The balanced chemical equation is the equation in which the numbers of atoms of different elements present on the left hand side of the equation is equal to that of in right hand side.

1)

The reaction is as follows:

${\rm{2Al}}\left( s \right){\rm{ + }}\,{\rm{6HCl}}\left( {aq} \right) \to {\rm{2AlC}}{{\rm{l}}_3}\left( {aq} \right){\rm{ + }}\,{\rm{3}}{{\rm{H}}_2}\left( g \right)$

Here, 2 moles of ${\rm{Al}}\left( s \right)$gives 3 moles of${{\rm{H}}_2}\left( g \right)$. There is excess of hydrochloric acid and$0.75\,{\rm{g}}\,\,{\rm{of}}\,\,{\rm{Al}}\left( s \right)$. Hence, the limiting reagent is${\rm{Al}}\left( s \right)$.

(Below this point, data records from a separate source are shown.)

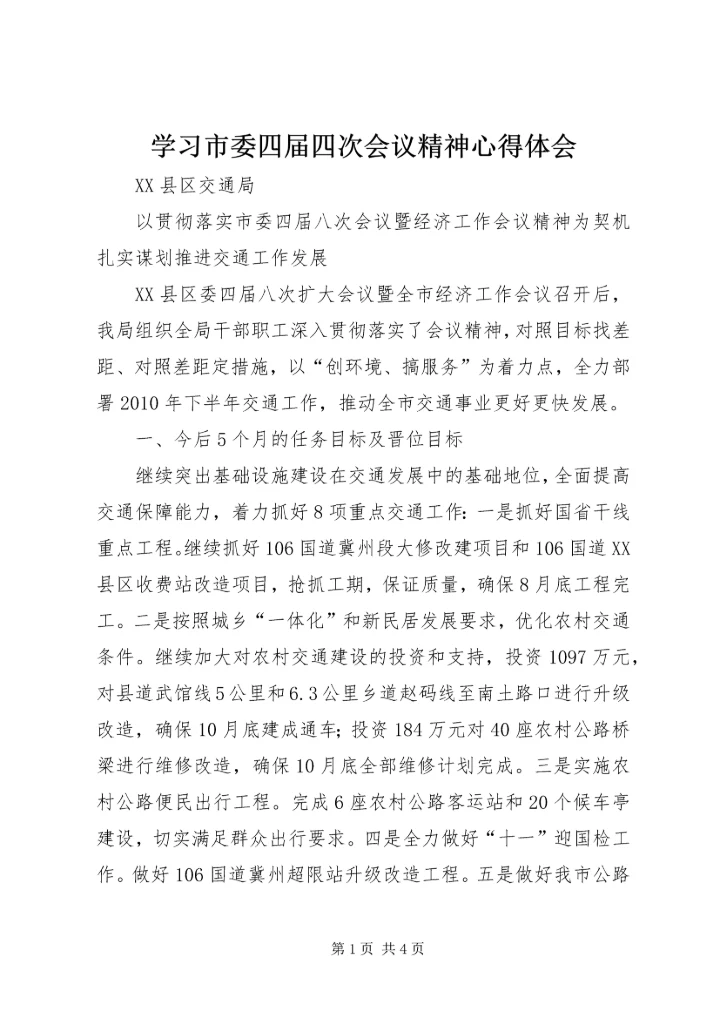 学习市委四届四次会议精神心得体会 (4).docx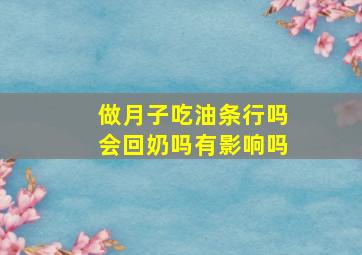 做月子吃油条行吗会回奶吗有影响吗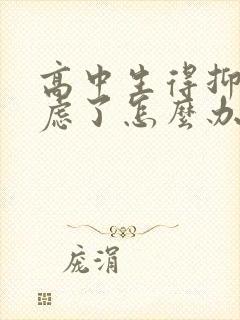 高中生得抑郁焦虑了怎么办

Calculate the mass of ${{\rm{H}}_2}\left( g \right)$formed as follows:

$\begin{array}{l}\\{\rm{Mass}}\,\,{\rm{of}}\,\,{{\rm{H}}_2}\, = \,\,0.75\,{\rm{g}}\,{\rm{of}}\,{\rm{Al}}\left( s \right) \times \frac{{1\,{\rm{mol}}\,{\rm{Al}}}}{{26.98\,{\rm{g}}\,{\rm{Al}}}} \times \frac{{3\,{\rm{mol}}\,{{\rm{H}}_2}}}{{2\,{\rm{mol}}\,{\rm{Al}}}} \times \frac{{2.00\,{\rm{g}}\,{{\rm{H}}_2}}}{{{\rm{1}}\,{\rm{mol}}\,{{\rm{H}}_2}}}\\\\\,\,\,\,\,\,\,\,\,\,\,\,\,\,\,\,\,\,\,\,\,\,\,\,\,\, = \,\,0.083\,{\rm{g}}\\\end{array}$

2)

The reaction is as follows:

${\rm{C}}\left( s \right){\rm{ + }}\,{{\rm{H}}_2}{\rm{O}}\left( g \right) \to {{\rm{H}}_2}\left( g \right){\rm{ + }}\,{\rm{CO}}\left( g \right)$

Here, 1 mole of ${{\rm{H}}_2}{\rm{O}}$gives 1 mole of${\rm{CO}}\left( g \right)$.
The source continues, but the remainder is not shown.